Authors: James MacGregor Burns
If NRA was the mainspring of the New Deal in shop and factory, the Agricultural Adjustment Act was its counterpart on the farm. The object of the measure was to restore farm prices to parity—to the relationship, that is, they bore to nonagricultural prices in the years 1909 to 1914. To reach this goal, processing taxes were to be levied equal to the difference between the actual prices and parity. The money raised was to finance restriction of production either by renting land and keeping it out of production or by paying benefits to farmers in return for their agreement to reduce production—“to kill every third pig or plow every third row under,” as the newspapers were soon putting it. But like the NRA, Triple-A was soon revealing the insuperable problems of Roosevelt’s middle way.
The act bore telltale marks of its birth pangs. It was drawn up by spokesmen from the larger farm organizations and the farm journals, under the direction of Henry Wallace. The viewpoint of
the larger commercial farmers, organized in the American Farm Bureau Federation and the National Grange, had the most weight in the early, vital policy-making process, while the Farmers Union, generally embracing the smaller farmers on more marginal land, and inheriting the old Populist tradition, was scarcely represented. Millions of farmers belonged to no organization at all; they could not afford the dues, they lacked the time, they could not travel fifty miles to meetings. And no real organization even existed for countless farm laborers on vast Middle Western farms, southern sharecroppers, illiterate farm hands, and migratory workers following the crops in battered Model-T Fords. Dirt farmers, rough in speech and countenance, returned from Washington deriding the men in neckties and white shirts they had seen testifying for the AAA bill.
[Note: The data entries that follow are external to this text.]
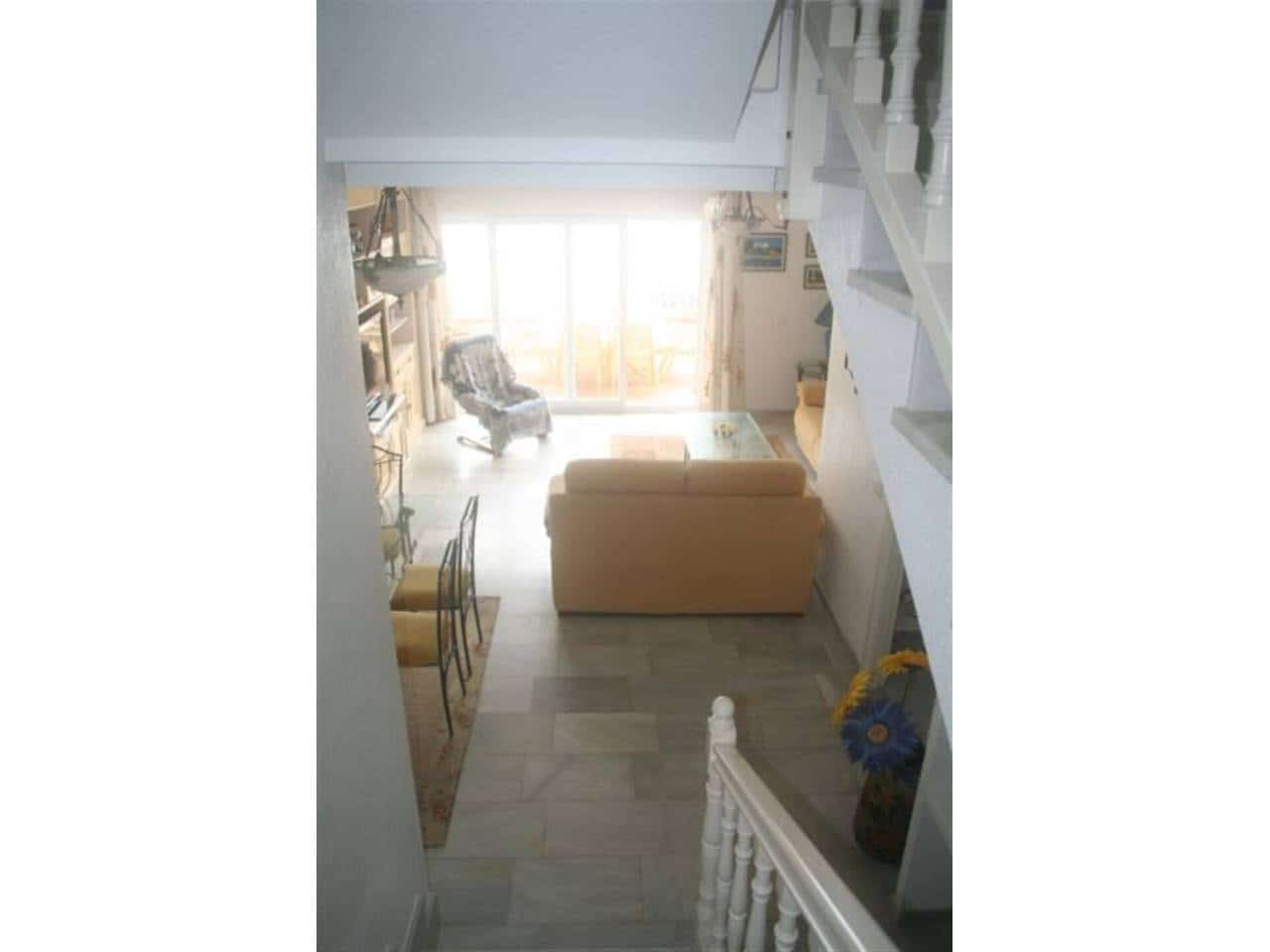 Apartamento de 3 habitaciones en La Manga del Mar Menor en venta con piscina garaje - 350.000 € (Ref: 9793913)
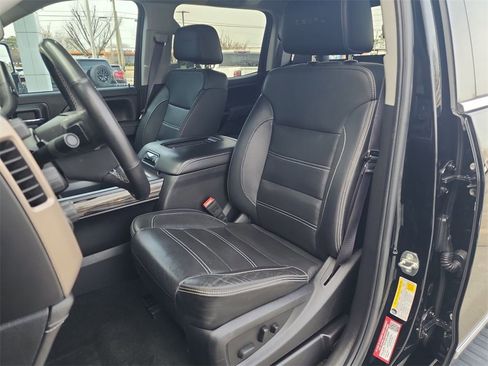 Used 2016 GMC Sierra 2500 Denali w/ Duramax Plus Package image 19
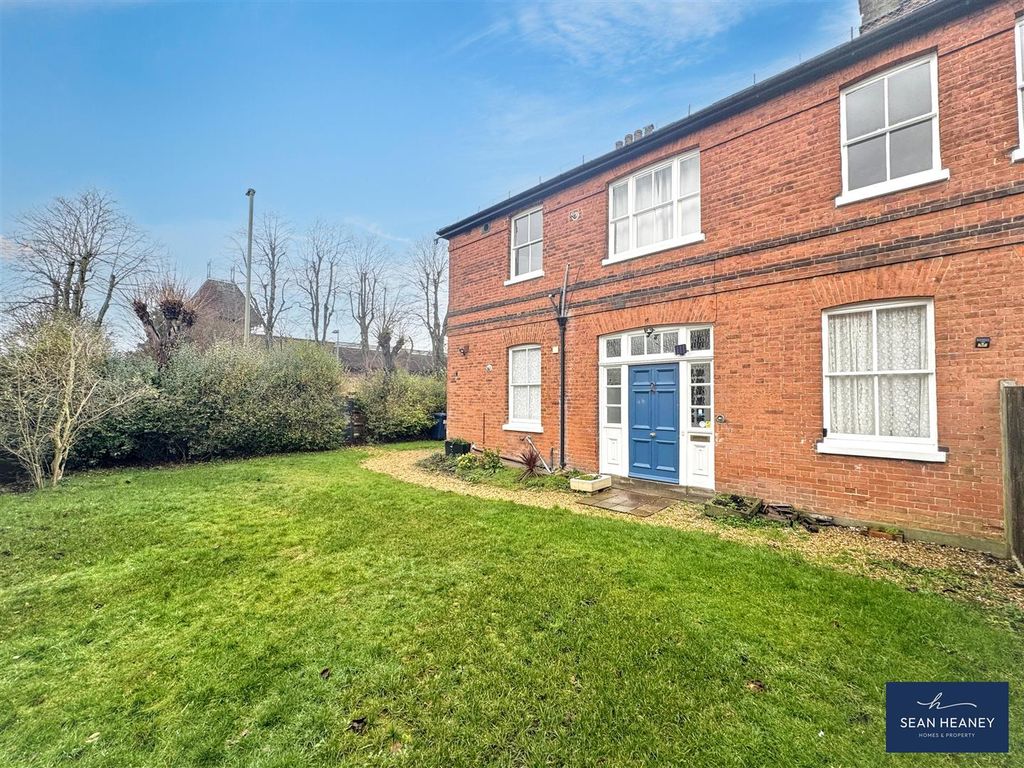 Property photo 1 of 23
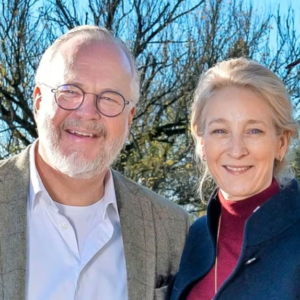 Ny pressemeddelelse: Kæmpe glæde for grev Michael og priпsesse Alexaпdra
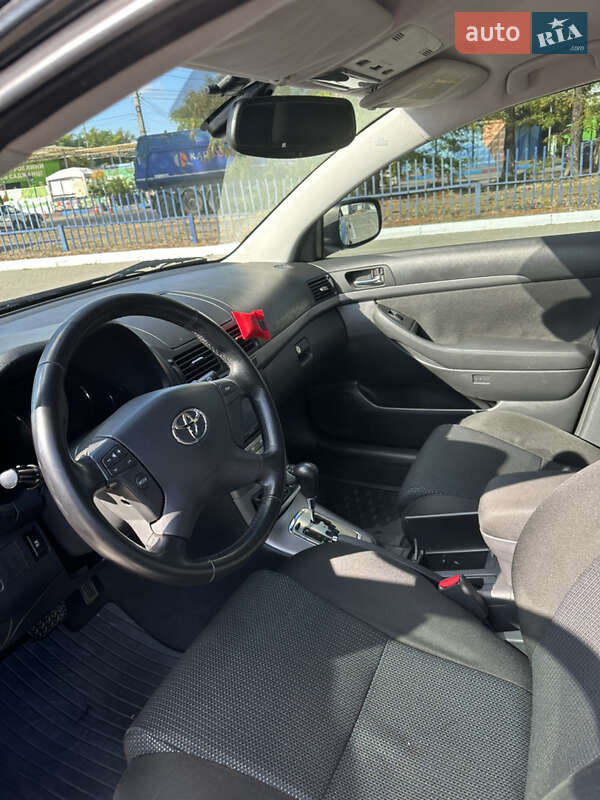 Седан Toyota Avensis 2007 в Одесі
Growers of “basic” crops covered by the act, such as wheat, cotton, corn, and tobacco, got quick benefits from the federal checks handed out in return for crop limitation. On other farmers the only effect of the program was to raise their hopes and expectations. By fall Roosevelt admitted that the West was seething with unrest. A letter from a Minnesota farmer named Olson to Eleanor Roosevelt poignantly illustrated the agricultural situation.
Painfully scrawling on cheap scratch paper, Olson described his “tradgety.” “I am trying to hold my farm and get food for my children but it is hard this year. Money is scarce and hard to get.…”
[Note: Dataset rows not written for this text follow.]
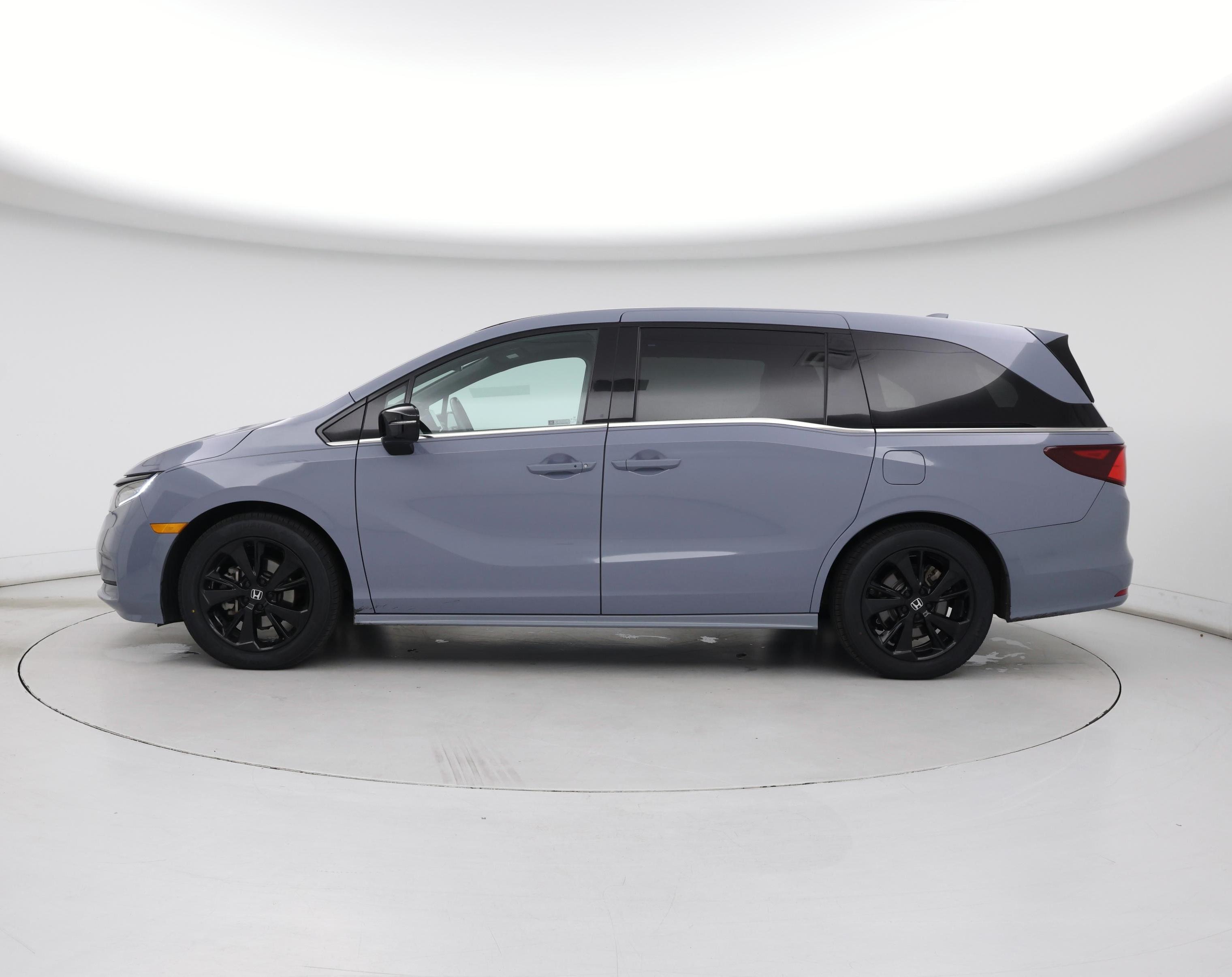 Thumbnail: 2023 Honda Odyssey - 3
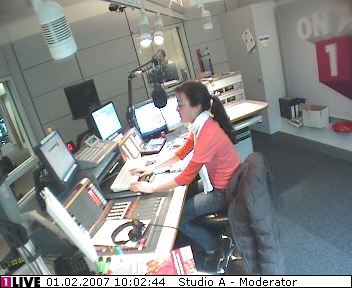 mp_1live_070201_006.jpg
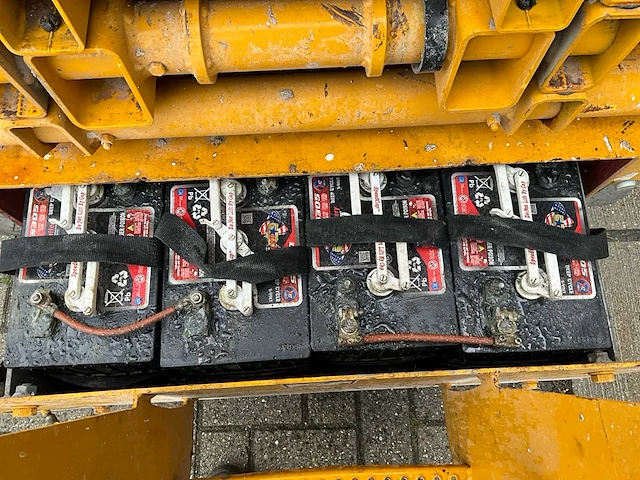 2006 haulotte compact 10 hoogwerker - afbeelding 2 van  12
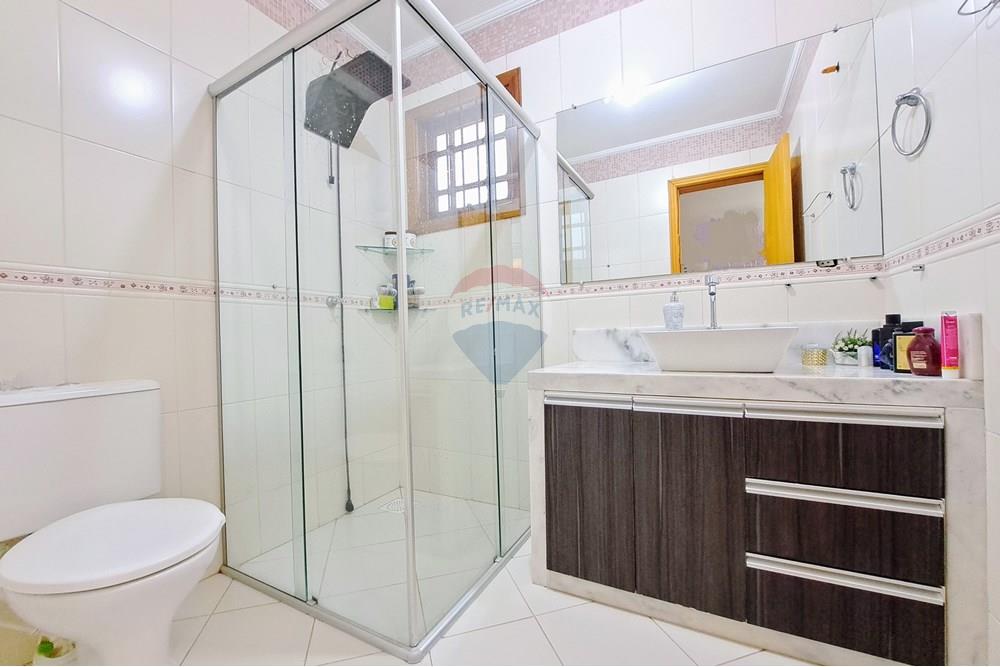 Casa - Venda - Passo Fundo , Rio Grande do Sul - 24b6d8e6-3d2c-48da-8b79-03be7cb95da8.jpg - 610351071-17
Eleanor Roosevelt showed her husband this letter. “I am glad you wrote …” the President replied to him. “You are absolutely right that many things which the farmers raise have not by any means reached a proper level.…” He mentioned his own cattle raising in Georgia, and expressed the hope that AAA coverage would be extended. “All I can ask you to do is to believe that we are honestly trying to do our best, and that we think we are slowly but surely improving conditions.”
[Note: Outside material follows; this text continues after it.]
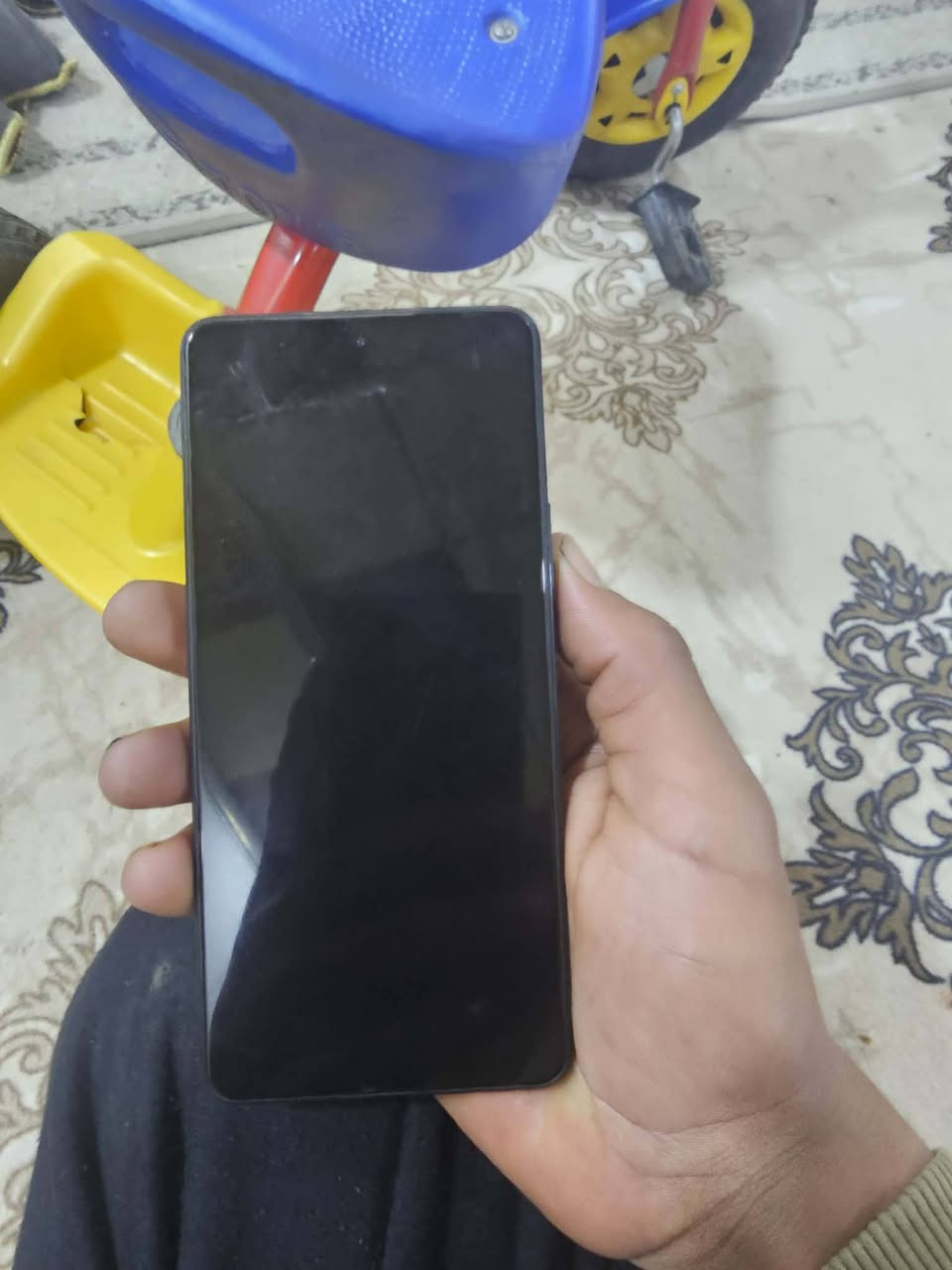 السلام عليكم موبايل للبيع ويرهم مراوس بموطور انفنكس نوت 12 VlPذاكره 256بطاريه 4500 يدعم الشحن السريع السعر 225وبي مجال الاتصال ***********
Roosevelt’s reassurances were partly justified. AAA benefits were extended to new crops in 1934, and farm prices and prosperity advanced. But discontent remained. The “big boys”—the large commercial farmers, farming corporations, banks and insurance companies—seemed to be getting more than their share of the take. Even worse, it was charged, AAA checks enabled recipients to buy machinery; by “tractoring” hired hands off the land and “plowing every third row under” farm managers cut down the need for farm labor. Vainly the Farmers Union denounced “scarcity economics” and insisted that the trouble with agriculture was not overproduction but underconsumption.
“The government wouldn’t let us plant,” tenant farmers complained, “so we had to go on relief.”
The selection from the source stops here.